DESCRIPTION OF THE TASK
Print the whole listing below exactly as given, pictures excluded.

DATA TO EXAMINE
··········

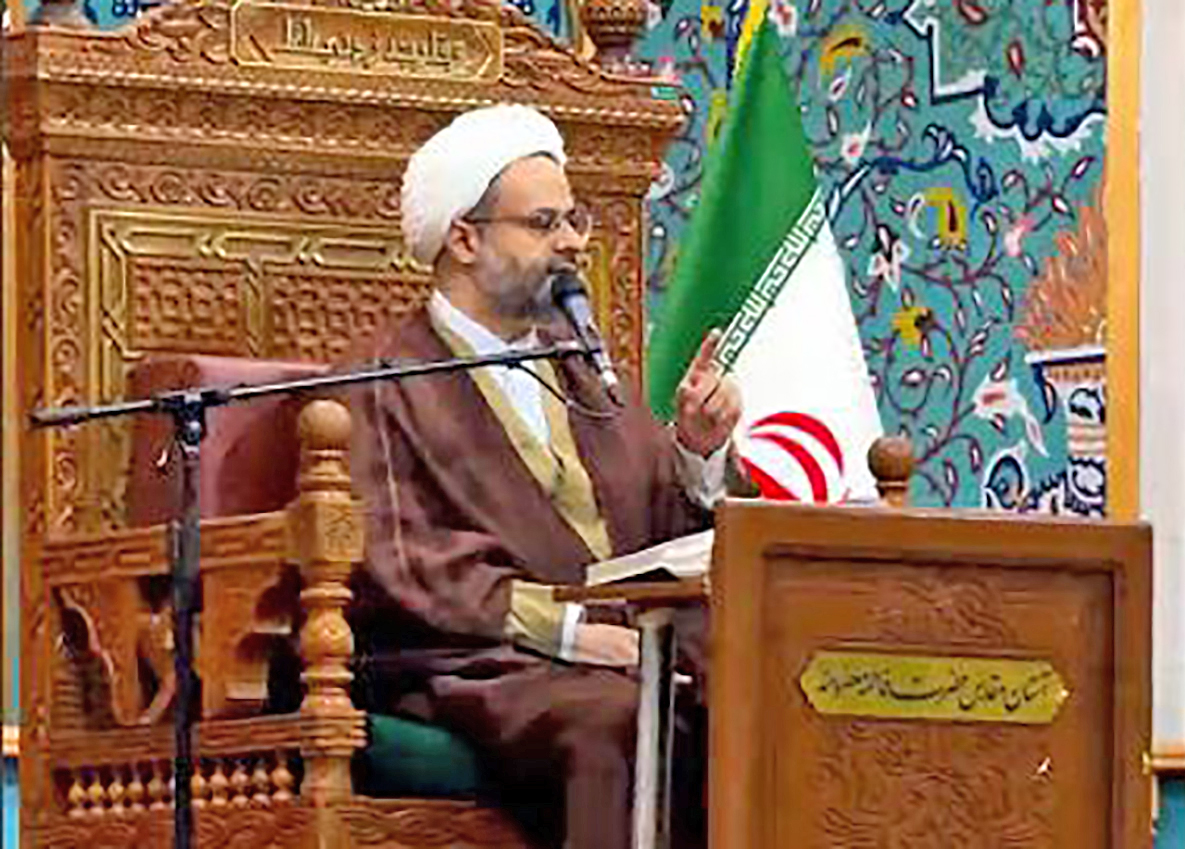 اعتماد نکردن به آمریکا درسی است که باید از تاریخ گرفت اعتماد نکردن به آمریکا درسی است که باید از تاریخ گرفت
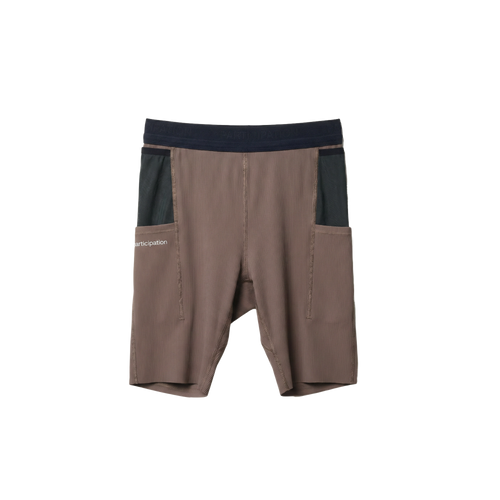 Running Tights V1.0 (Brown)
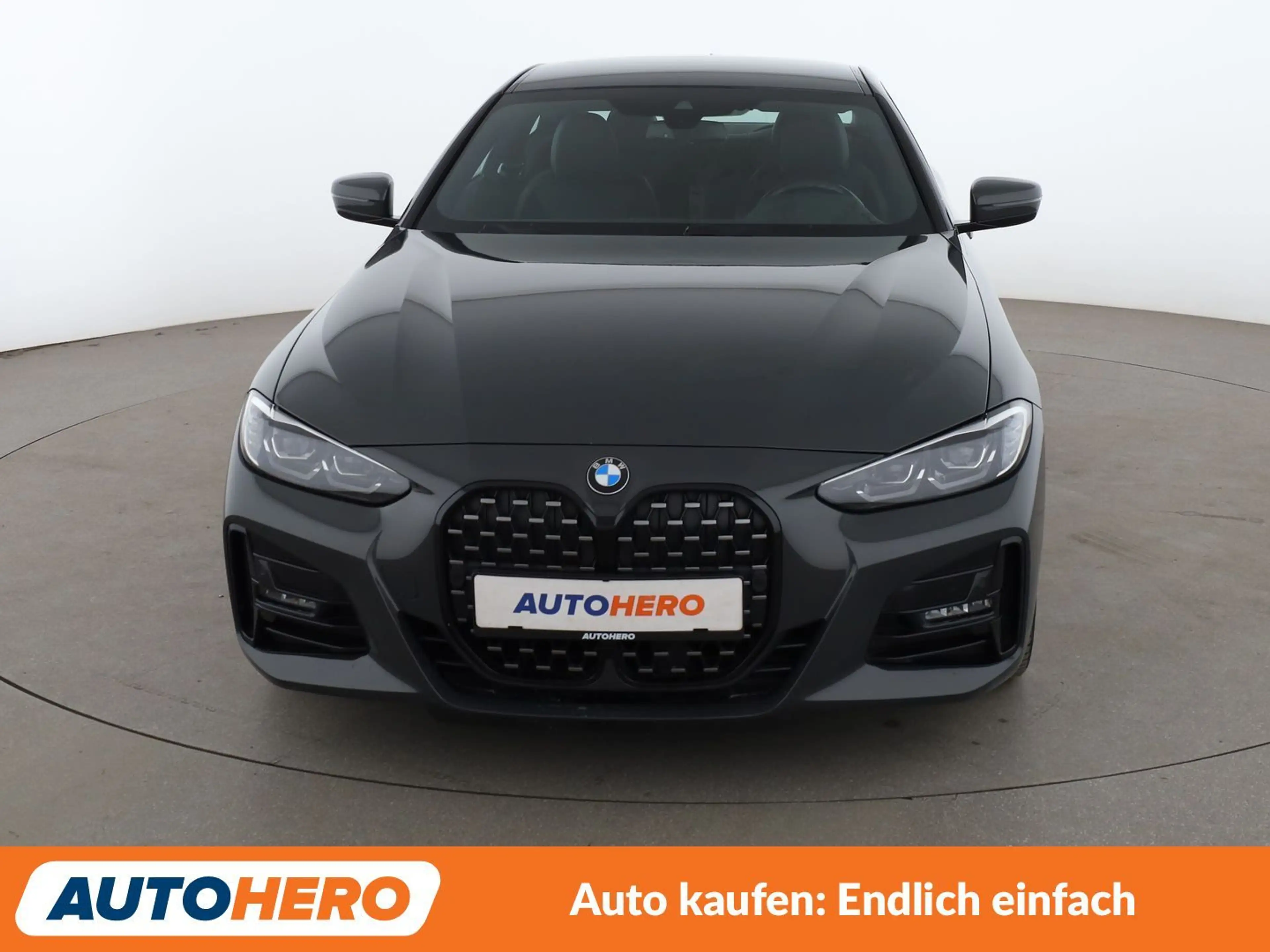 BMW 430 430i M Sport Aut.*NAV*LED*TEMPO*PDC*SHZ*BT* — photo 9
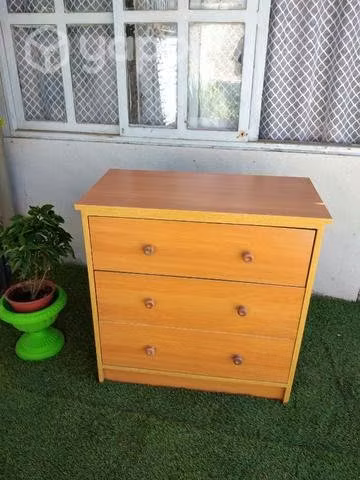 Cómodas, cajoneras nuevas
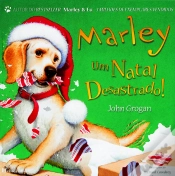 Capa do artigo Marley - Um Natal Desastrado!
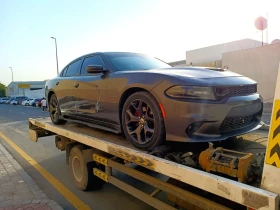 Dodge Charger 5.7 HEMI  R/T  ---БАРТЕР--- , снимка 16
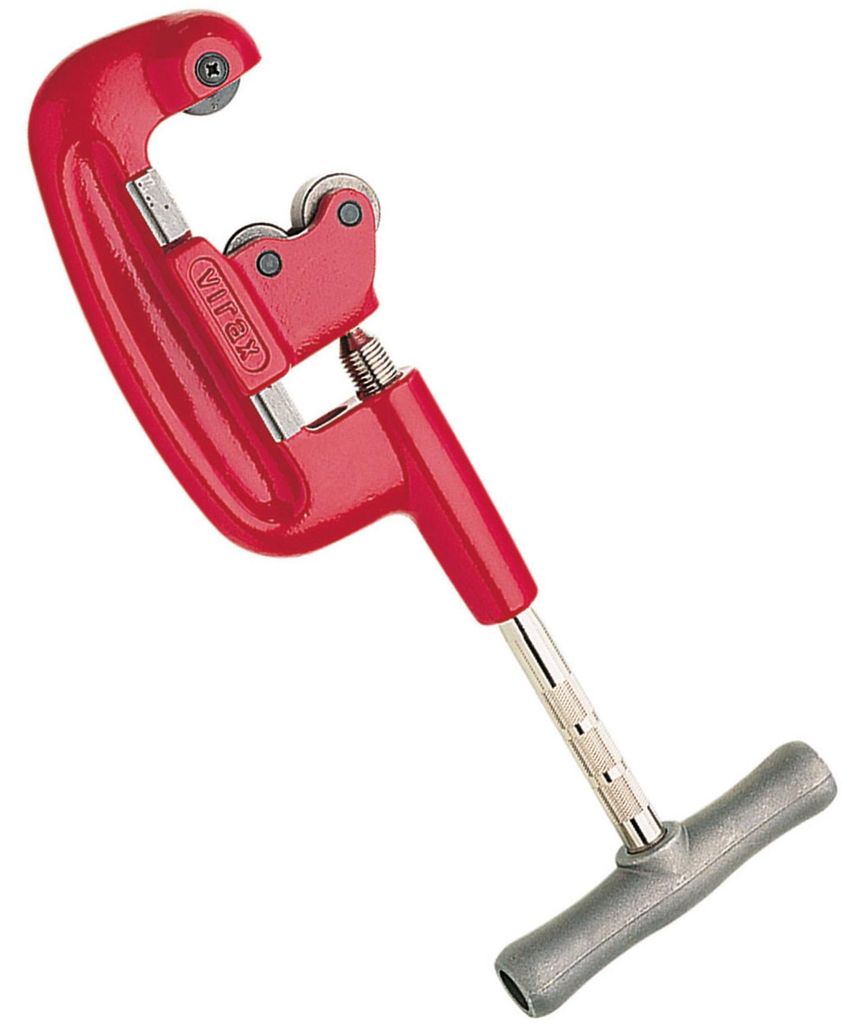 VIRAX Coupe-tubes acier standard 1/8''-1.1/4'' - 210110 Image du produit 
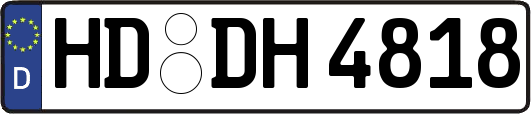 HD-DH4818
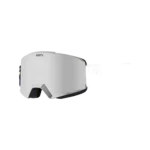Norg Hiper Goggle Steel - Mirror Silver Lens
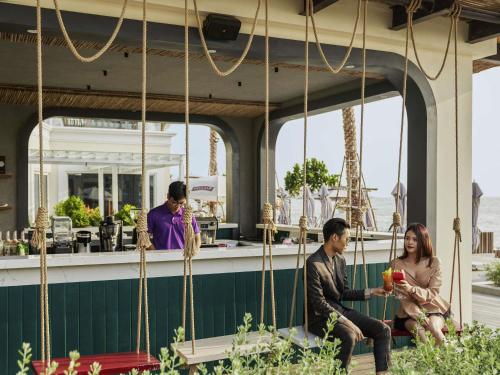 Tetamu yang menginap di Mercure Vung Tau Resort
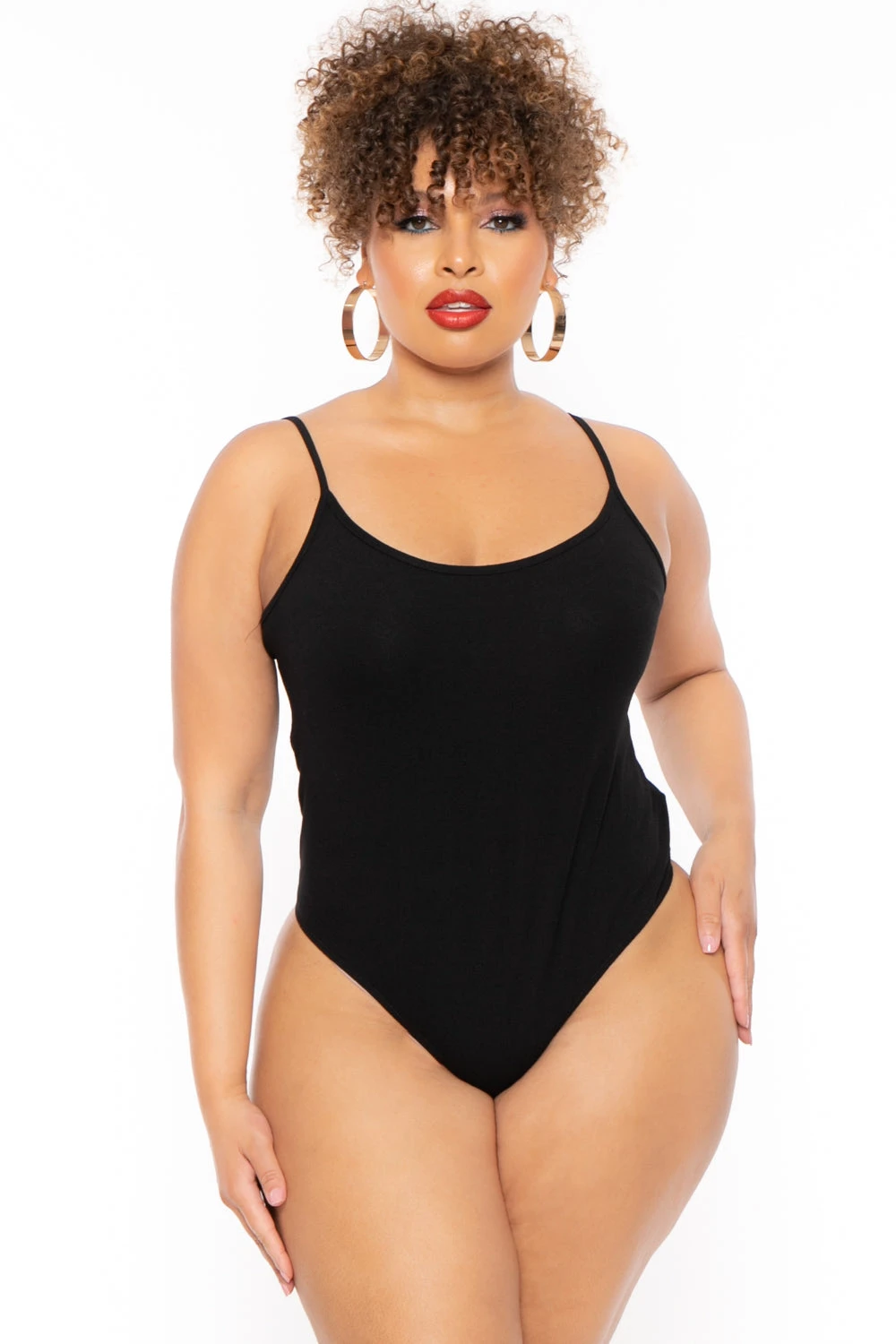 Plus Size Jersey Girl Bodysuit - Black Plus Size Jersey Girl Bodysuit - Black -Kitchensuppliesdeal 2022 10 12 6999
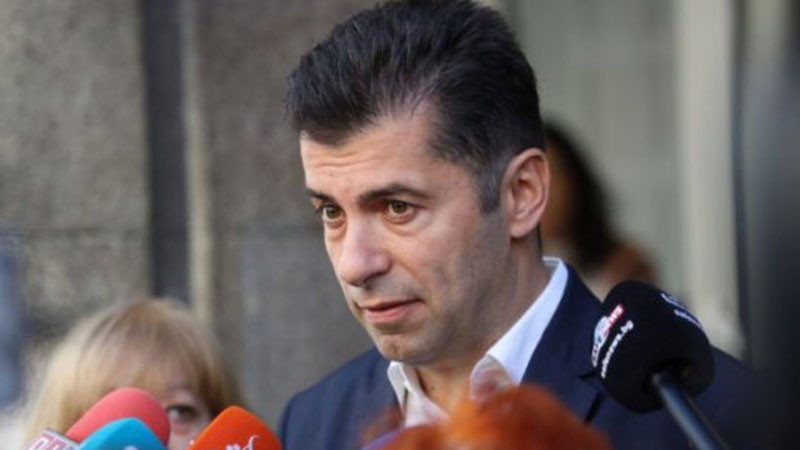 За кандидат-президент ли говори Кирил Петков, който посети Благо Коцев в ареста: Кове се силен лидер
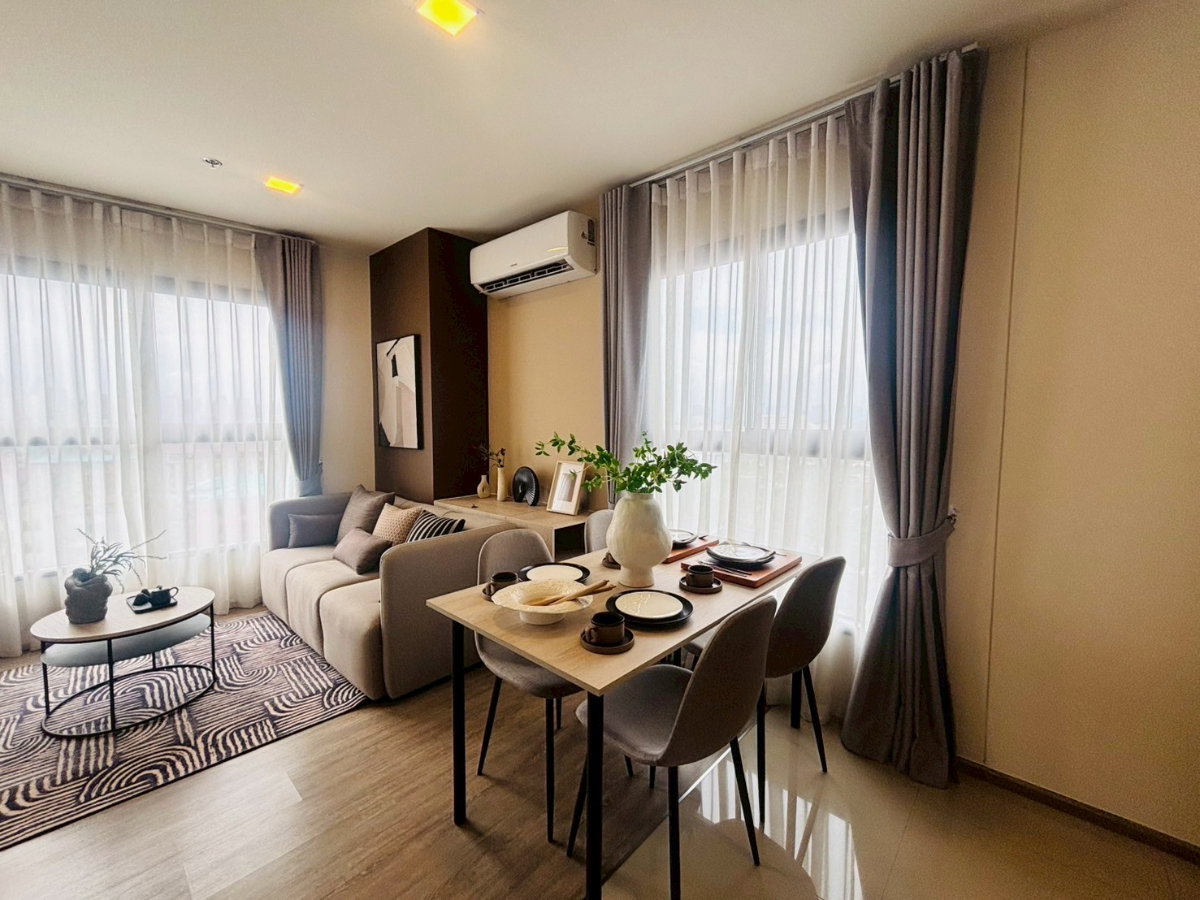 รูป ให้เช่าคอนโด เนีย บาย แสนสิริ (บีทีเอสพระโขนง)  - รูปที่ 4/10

··········

REPLY
 اعتماد نکردن به آمریکا درسی است که باید از تاریخ گرفت اعتماد نکردن به آمریکا درسی است که باید از تاریخ گرفت
 Running Tights V1.0 (Brown)
 BMW 430 430i M Sport Aut.*NAV*LED*TEMPO*PDC*SHZ*BT* — photo 9
 Cómodas, cajoneras nuevas
 Capa do artigo Marley - Um Natal Desastrado!
 Dodge Charger 5.7 HEMI  R/T  ---БАРТЕР--- , снимка 16
 VIRAX Coupe-tubes acier standard 1/8''-1.1/4'' - 210110 Image du produit 
 HD-DH4818
Norg Hiper Goggle Steel - Mirror Silver Lens
 Tetamu yang menginap di Mercure Vung Tau Resort
 Plus Size Jersey Girl Bodysuit - Black Plus Size Jersey Girl Bodysuit - Black -Kitchensuppliesdeal 2022 10 12 6999
 За кандидат-президент ли говори Кирил Петков, който посети Благо Коцев в ареста: Кове се силен лидер
 รูป ให้เช่าคอนโด เนีย บาย แสนสิริ (บีทีเอสพระโขนง)  - รูปที่ 4/10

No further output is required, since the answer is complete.